*** Material provided Section Begins ***

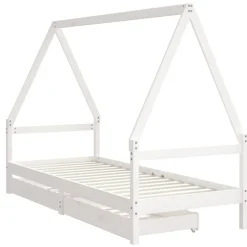 vidaXL sengeramme til juniorseng m. skuffer 80x200 cm massivt fyr hvid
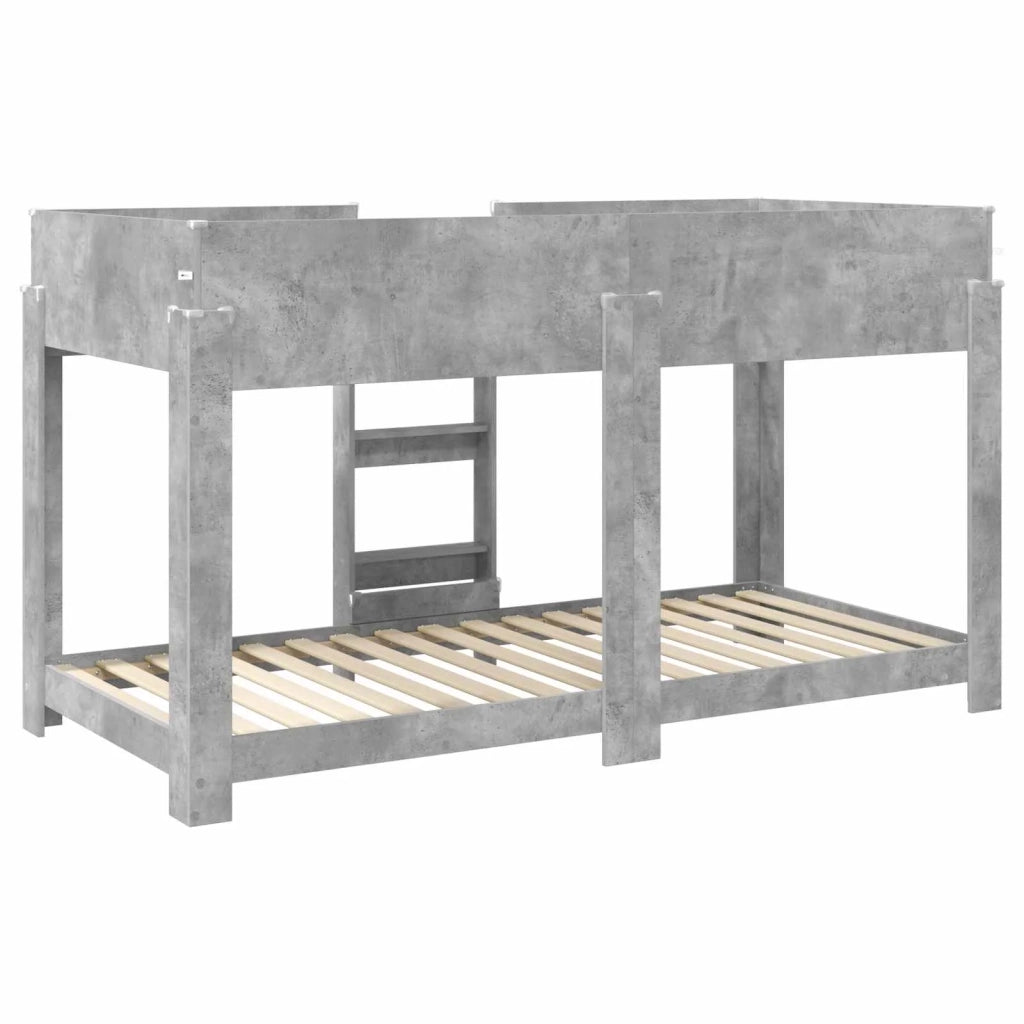 Letto a Castello per Bambini Grigio cemento 100 x 190 cm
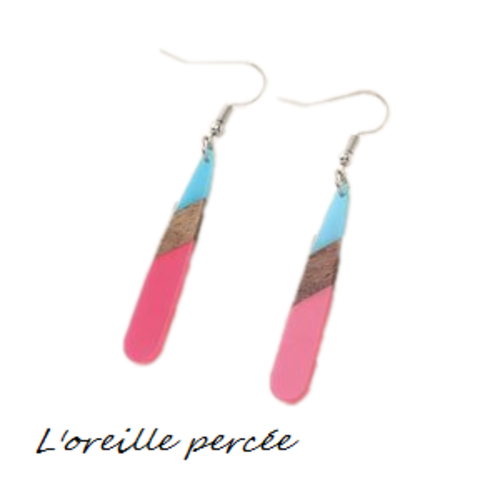 Boucle d'oreille goutte bois et résine fuschia/bleu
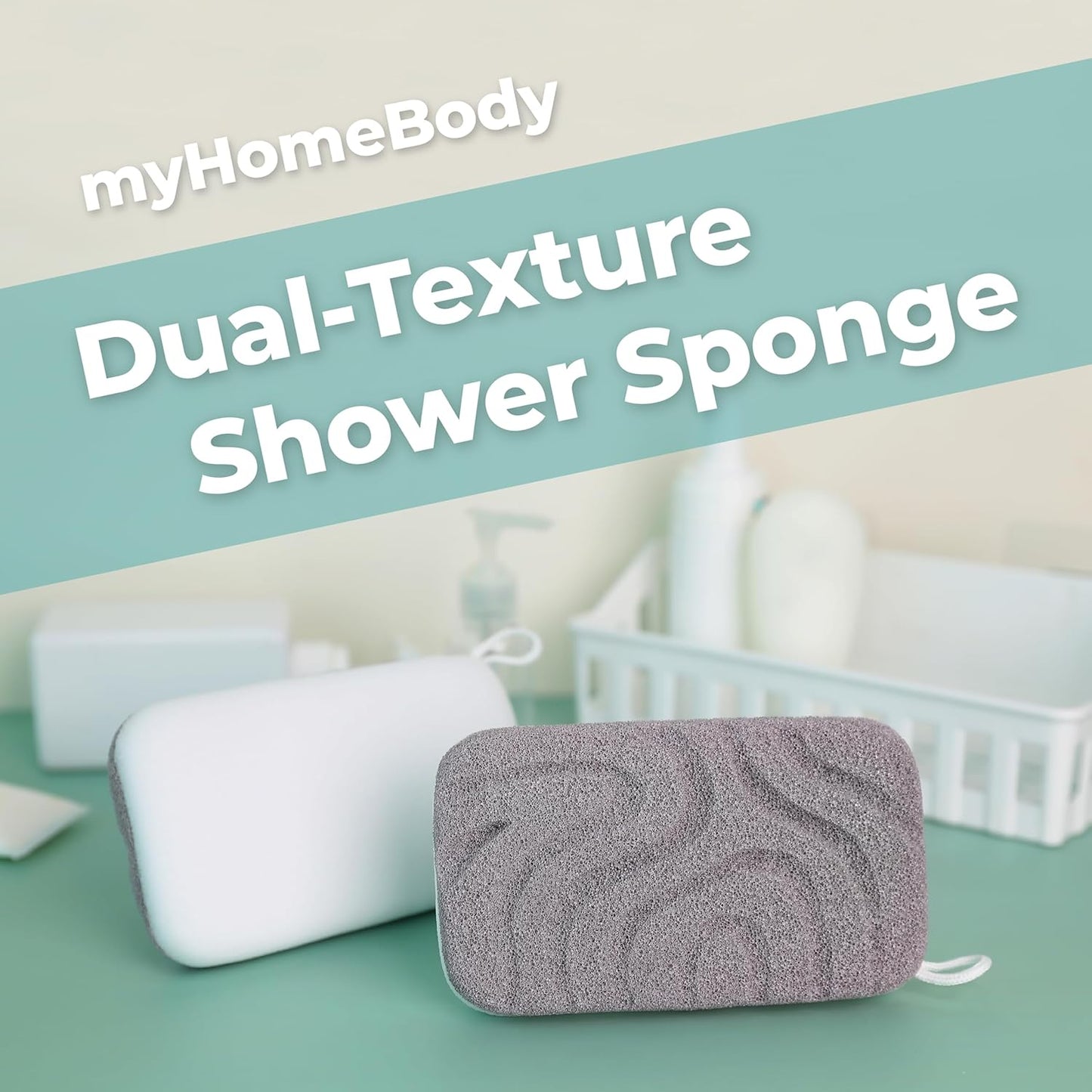 myHomeBody Dual-Texture Shower Sponge, Beauty Body Scrubber Exfoliator for Women, Exfoliating Loofah for Men, 1pc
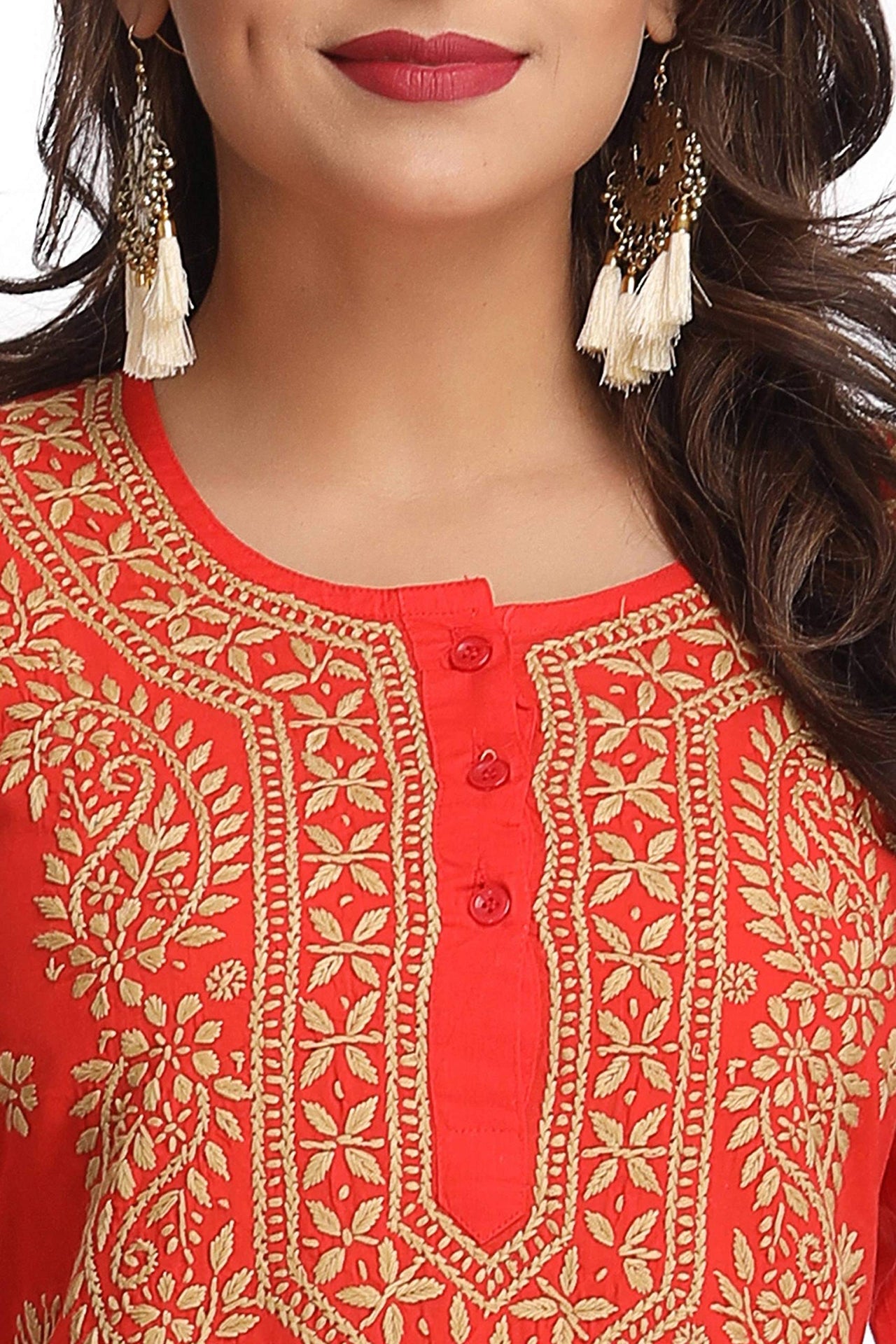 Ada Lucknowi Hand Embroidered Chikankari Straight Cotton Kurti Kurta for Women A188271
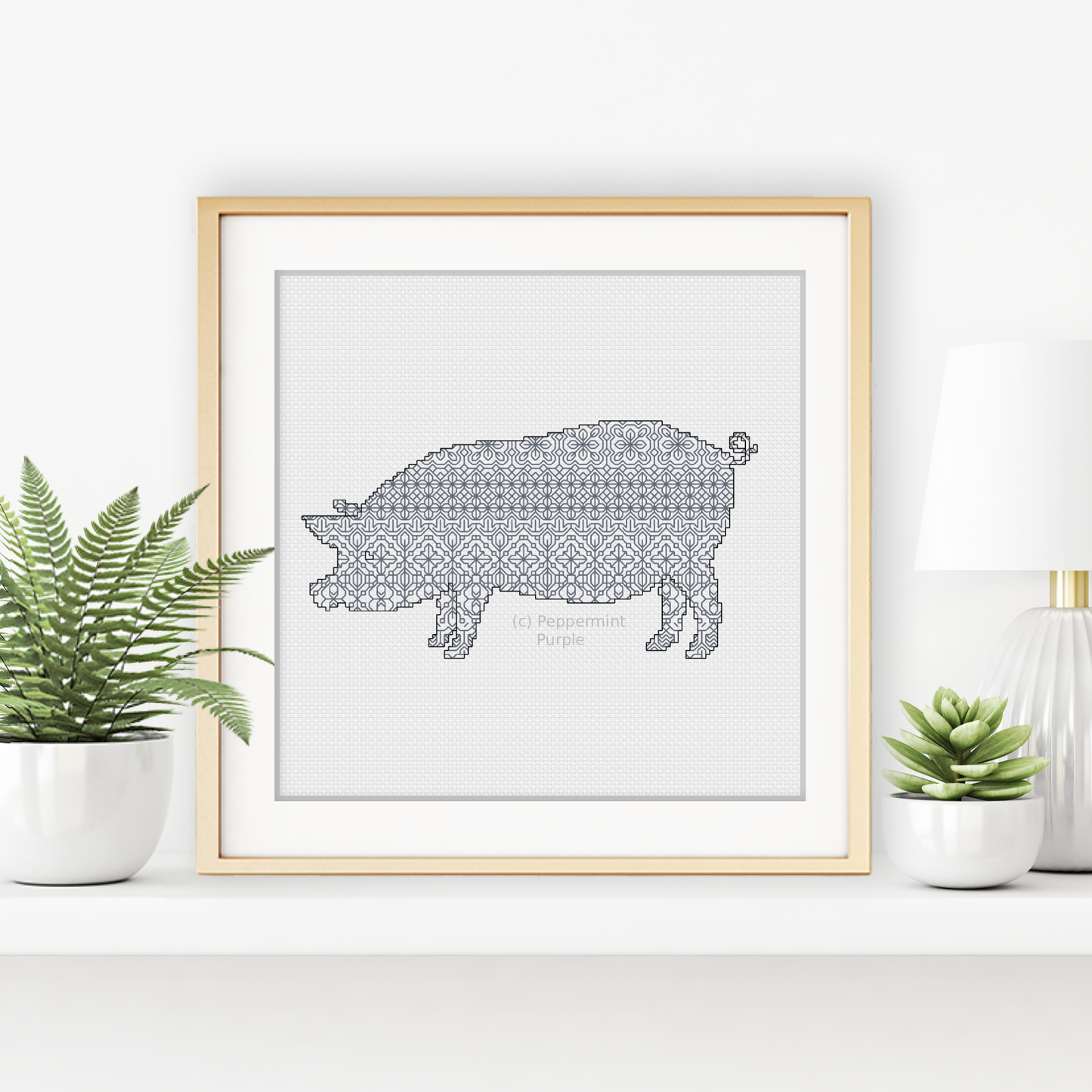 Pig Blackwork Blackwork Pattern by Peppermint Purple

*** Material provided Section Ends ***

**Action item**
The lines from the one containing "Ada Lucknowi Hand" through the last line of the records are what you should copy, word for word and nothing else, with pictures left out.

**Response to the exercise**
 Ada Lucknowi Hand Embroidered Chikankari Straight Cotton Kurti Kurta for Women A188271
 Pig Blackwork Blackwork Pattern by Peppermint Purple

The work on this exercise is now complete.